◆ Exercise input
Start of Block

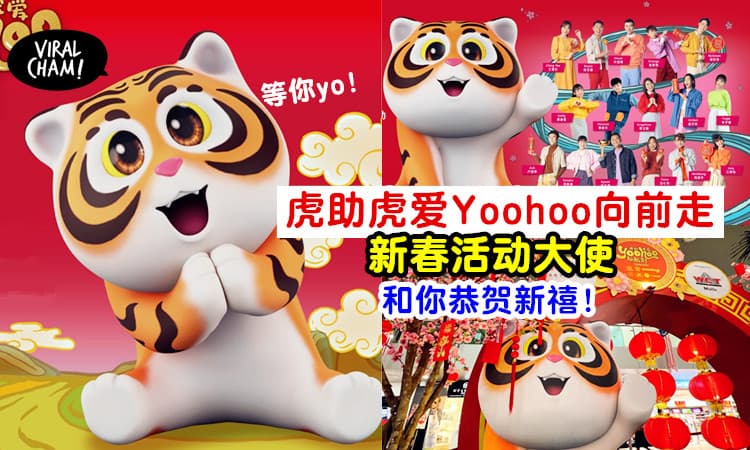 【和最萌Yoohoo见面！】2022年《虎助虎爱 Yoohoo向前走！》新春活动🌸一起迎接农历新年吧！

End of Block
Start of Block

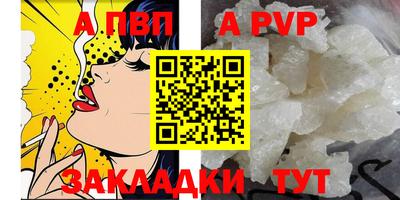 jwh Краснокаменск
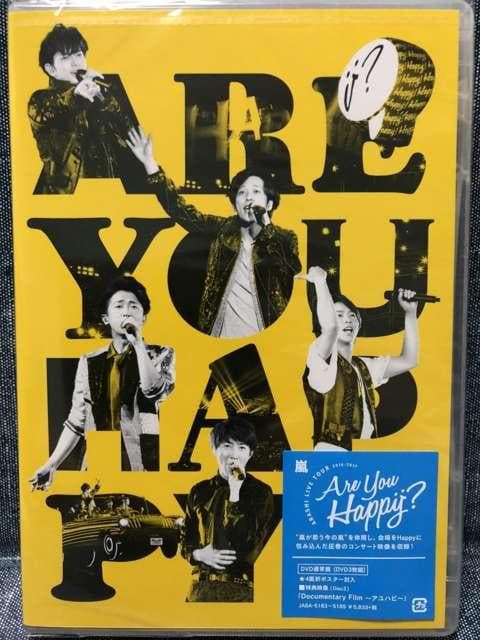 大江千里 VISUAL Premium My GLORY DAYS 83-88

End of Block
Start of Block

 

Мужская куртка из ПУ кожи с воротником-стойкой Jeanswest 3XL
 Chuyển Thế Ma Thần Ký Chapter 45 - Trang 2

End of Block

◆ What is being asked
Given the listing above, retype only the span of lines from the line with "jwh Краснокаменск" up to and including the line with "大江千里 VISUAL Premium My GLORY DAYS 83-88", exactly as it stands and without pictures.

◆ Written reply
 jwh Краснокаменск
 大江千里 VISUAL Premium My GLORY DAYS 83-88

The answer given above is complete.